Oblómov se detuvo frente a él, en espera de que hablase.

—Habría que encargar de todo eso a una persona preparada y pasar a su nombre el poder —añadió Iván Matvéievich.

—Pero ¿dónde encontraremos a ese hombre? —preguntó Oblómov.

—Tengo un compañero en la oficina, Isai Fómich Zatiorty, que es algo tartamudo pero sabe mucho de estas cuestiones. Durante tres años dirigió una gran propiedad, pero el terrateniente lo despidió por su tartamudez. Ahora trabaja en mi oficina.

—¿Se puede confiar en él?

—¡Es de lo más honrado que puede haber! Por eso no se preocupe. Gastaría de su propio dinero con tal de dar satisfacción a la persona que ha confiado en él. Lleva más de once años trabajando conmigo.

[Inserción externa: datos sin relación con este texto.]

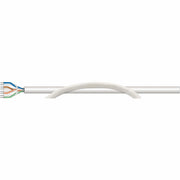 Intellinet 704663 nätverkskablar Grå 305 m Cat6 U/UTP (UTP)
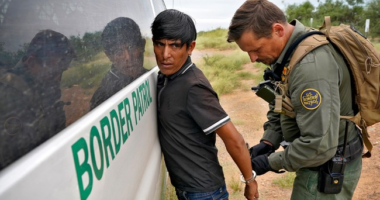 No, That Wood-Chopping Illegal Alien in Washington State Is Not a 'Firefighter' or 'Victim' – RedState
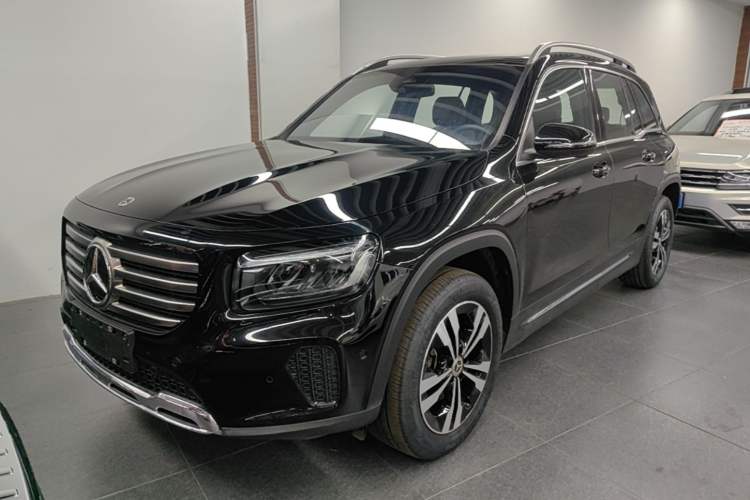 Used Mercedes-Benz GLB 2024 GLB 200 Dynamic Edition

—¿Cómo podrá ir si está trabajando?

—No tiene mayor importancia. Podría solicitar un permiso por cuatro meses. Si usted se decide, se lo presentaré. Pero, como es natural, no querrá hacerlo gratis.

—Claro que no —se apresuró a decir Oblómov.

—Tendrá que asignarle dietas de viaje, subvenir a la manutención diaria y, al acabar su trabajo, pagarle según acuerden. Accederá a ir, sin duda.

—Le estoy muy agradecido, me libra usted de muchas preocupaciones —dijo Oblómov, tendiéndole la mano—. ¿Cómo dice que se llama su amigo?

—Isai Fómich Zatiorty —repitió Iván Matvéievich; se secó rápidamente la mano con la bocamanga del otro brazo, estrechó un instante la mano que le tendía Oblómov y escondió de inmediato la suya en la manga—. Mañana hablaré con él y lo traeré por la tarde.

—Sí, vengan a comer y hablaremos. Le estoy muy agradecido-repitió Oblómov, acompañándolo hasta la puerta.